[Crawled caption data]
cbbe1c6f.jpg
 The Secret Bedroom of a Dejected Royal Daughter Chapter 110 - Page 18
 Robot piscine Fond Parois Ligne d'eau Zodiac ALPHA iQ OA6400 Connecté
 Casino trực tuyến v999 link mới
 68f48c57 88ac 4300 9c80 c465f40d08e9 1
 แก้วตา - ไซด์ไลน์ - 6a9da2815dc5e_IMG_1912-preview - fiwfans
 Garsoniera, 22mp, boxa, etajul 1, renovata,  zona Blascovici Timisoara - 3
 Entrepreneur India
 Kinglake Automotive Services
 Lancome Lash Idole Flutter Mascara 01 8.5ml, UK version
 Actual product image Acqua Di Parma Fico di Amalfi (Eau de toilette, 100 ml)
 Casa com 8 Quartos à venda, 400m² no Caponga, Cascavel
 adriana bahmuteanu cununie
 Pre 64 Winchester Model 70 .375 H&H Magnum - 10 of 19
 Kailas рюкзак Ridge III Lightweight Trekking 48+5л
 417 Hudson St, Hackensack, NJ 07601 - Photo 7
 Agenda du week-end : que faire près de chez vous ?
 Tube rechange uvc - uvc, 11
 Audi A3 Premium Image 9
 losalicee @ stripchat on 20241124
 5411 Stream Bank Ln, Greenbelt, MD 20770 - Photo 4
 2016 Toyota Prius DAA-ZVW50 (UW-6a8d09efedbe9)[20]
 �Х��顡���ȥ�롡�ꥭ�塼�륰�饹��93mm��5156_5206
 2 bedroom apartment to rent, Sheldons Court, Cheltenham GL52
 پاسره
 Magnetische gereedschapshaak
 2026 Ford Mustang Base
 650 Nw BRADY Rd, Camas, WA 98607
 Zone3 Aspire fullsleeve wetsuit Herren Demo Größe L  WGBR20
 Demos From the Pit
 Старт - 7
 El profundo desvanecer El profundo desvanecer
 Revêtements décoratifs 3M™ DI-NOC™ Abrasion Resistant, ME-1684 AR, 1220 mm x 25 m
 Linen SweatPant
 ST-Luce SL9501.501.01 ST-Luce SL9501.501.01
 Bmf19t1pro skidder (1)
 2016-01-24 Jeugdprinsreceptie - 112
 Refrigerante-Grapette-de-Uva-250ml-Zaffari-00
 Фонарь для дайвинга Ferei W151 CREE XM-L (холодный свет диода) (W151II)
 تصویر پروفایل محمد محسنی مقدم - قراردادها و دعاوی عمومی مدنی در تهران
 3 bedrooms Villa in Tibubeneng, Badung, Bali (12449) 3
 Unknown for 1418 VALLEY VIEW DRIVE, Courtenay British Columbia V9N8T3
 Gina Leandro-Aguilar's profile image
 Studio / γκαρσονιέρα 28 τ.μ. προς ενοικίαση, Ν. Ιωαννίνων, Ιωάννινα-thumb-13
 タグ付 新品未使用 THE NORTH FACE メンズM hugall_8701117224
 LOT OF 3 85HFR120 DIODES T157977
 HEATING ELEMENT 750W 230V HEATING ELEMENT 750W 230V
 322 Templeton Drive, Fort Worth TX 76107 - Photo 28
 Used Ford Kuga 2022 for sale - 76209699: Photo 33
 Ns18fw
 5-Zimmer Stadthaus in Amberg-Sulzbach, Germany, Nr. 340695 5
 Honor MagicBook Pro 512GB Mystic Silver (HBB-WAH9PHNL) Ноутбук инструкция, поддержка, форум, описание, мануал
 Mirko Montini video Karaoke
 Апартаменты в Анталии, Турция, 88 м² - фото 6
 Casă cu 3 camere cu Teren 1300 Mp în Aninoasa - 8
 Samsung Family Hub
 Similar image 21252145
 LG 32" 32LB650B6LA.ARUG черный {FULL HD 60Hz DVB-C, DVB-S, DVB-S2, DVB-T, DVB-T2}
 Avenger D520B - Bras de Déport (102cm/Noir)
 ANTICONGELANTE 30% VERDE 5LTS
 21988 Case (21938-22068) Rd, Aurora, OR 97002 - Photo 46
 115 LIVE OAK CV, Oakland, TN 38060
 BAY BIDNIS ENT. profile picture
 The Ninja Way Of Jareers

§ Try it:
Every entry above, from first to last, should be repeated exactly.

§ Result of this exercise:
cbbe1c6f.jpg
 The Secret Bedroom of a Dejected Royal Daughter Chapter 110 - Page 18
 Robot piscine Fond Parois Ligne d'eau Zodiac ALPHA iQ OA6400 Connecté
 Casino trực tuyến v999 link mới
 68f48c57 88ac 4300 9c80 c465f40d08e9 1
 แก้วตา - ไซด์ไลน์ - 6a9da2815dc5e_IMG_1912-preview - fiwfans
 Garsoniera, 22mp, boxa, etajul 1, renovata,  zona Blascovici Timisoara - 3
 Entrepreneur India
 Kinglake Automotive Services
 Lancome Lash Idole Flutter Mascara 01 8.5ml, UK version
 Actual product image Acqua Di Parma Fico di Amalfi (Eau de toilette, 100 ml)
 Casa com 8 Quartos à venda, 400m² no Caponga, Cascavel
 adriana bahmuteanu cununie
 Pre 64 Winchester Model 70 .375 H&H Magnum - 10 of 19
 Kailas рюкзак Ridge III Lightweight Trekking 48+5л
 417 Hudson St, Hackensack, NJ 07601 - Photo 7
 Agenda du week-end : que faire près de chez vous ?
 Tube rechange uvc - uvc, 11
 Audi A3 Premium Image 9
 losalicee @ stripchat on 20241124
 5411 Stream Bank Ln, Greenbelt, MD 20770 - Photo 4
 2016 Toyota Prius DAA-ZVW50 (UW-6a8d09efedbe9)[20]
 �Х��顡���ȥ�롡�ꥭ�塼�륰�饹��93mm��5156_5206
 2 bedroom apartment to rent, Sheldons Court, Cheltenham GL52
 پاسره
 Magnetische gereedschapshaak
 2026 Ford Mustang Base
 650 Nw BRADY Rd, Camas, WA 98607
 Zone3 Aspire fullsleeve wetsuit Herren Demo Größe L  WGBR20
 Demos From the Pit
 Старт - 7
 El profundo desvanecer El profundo desvanecer
 Revêtements décoratifs 3M™ DI-NOC™ Abrasion Resistant, ME-1684 AR, 1220 mm x 25 m
 Linen SweatPant
 ST-Luce SL9501.501.01 ST-Luce SL9501.501.01
 Bmf19t1pro skidder (1)
 2016-01-24 Jeugdprinsreceptie - 112
 Refrigerante-Grapette-de-Uva-250ml-Zaffari-00
 Фонарь для дайвинга Ferei W151 CREE XM-L (холодный свет диода) (W151II)
 تصویر پروفایل محمد محسنی مقدم - قراردادها و دعاوی عمومی مدنی در تهران
 3 bedrooms Villa in Tibubeneng, Badung, Bali (12449) 3
 Unknown for 1418 VALLEY VIEW DRIVE, Courtenay British Columbia V9N8T3
 Gina Leandro-Aguilar's profile image
 Studio / γκαρσονιέρα 28 τ.μ. προς ενοικίαση, Ν. Ιωαννίνων, Ιωάννινα-thumb-13
 タグ付 新品未使用 THE NORTH FACE メンズM hugall_8701117224
 LOT OF 3 85HFR120 DIODES T157977
 HEATING ELEMENT 750W 230V HEATING ELEMENT 750W 230V
 322 Templeton Drive, Fort Worth TX 76107 - Photo 28
 Used Ford Kuga 2022 for sale - 76209699: Photo 33
 Ns18fw
 5-Zimmer Stadthaus in Amberg-Sulzbach, Germany, Nr. 340695 5
 Honor MagicBook Pro 512GB Mystic Silver (HBB-WAH9PHNL) Ноутбук инструкция, поддержка, форум, описание, мануал
 Mirko Montini video Karaoke
 Апартаменты в Анталии, Турция, 88 м² - фото 6
 Casă cu 3 camere cu Teren 1300 Mp în Aninoasa - 8
 Samsung Family Hub
 Similar image 21252145
 LG 32" 32LB650B6LA.ARUG черный {FULL HD 60Hz DVB-C, DVB-S, DVB-S2, DVB-T, DVB-T2}
 Avenger D520B - Bras de Déport (102cm/Noir)
 ANTICONGELANTE 30% VERDE 5LTS
 21988 Case (21938-22068) Rd, Aurora, OR 97002 - Photo 46
 115 LIVE OAK CV, Oakland, TN 38060
 BAY BIDNIS ENT. profile picture
 The Ninja Way Of Jareers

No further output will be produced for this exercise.